▶ Your task
Look through the material below and copy exactly the lines from the line with "JLG Part # 1001175461S" to the line with "New Balance New", those two lines included.

▶ Material provided
◆ ◆ ◆ ◆ ◆
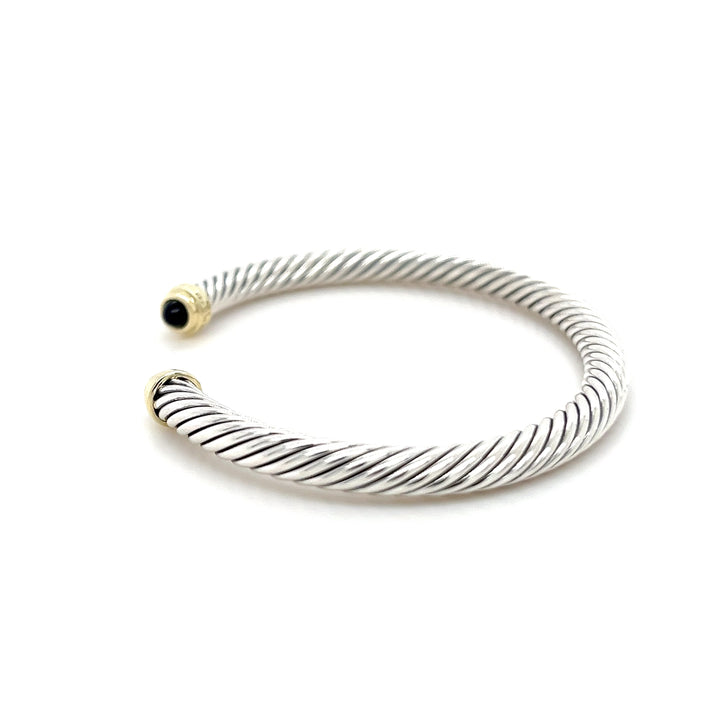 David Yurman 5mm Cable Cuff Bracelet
◆ ◆ ◆ ◆ ◆
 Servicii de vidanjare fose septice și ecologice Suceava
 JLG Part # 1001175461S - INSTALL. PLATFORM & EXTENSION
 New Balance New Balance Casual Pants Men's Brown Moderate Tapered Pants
◆ ◆ ◆ ◆ ◆
▶ Answer for the task
 JLG Part # 1001175461S - INSTALL. PLATFORM & EXTENSION
 New Balance New Balance Casual Pants Men's Brown Moderate Tapered Pants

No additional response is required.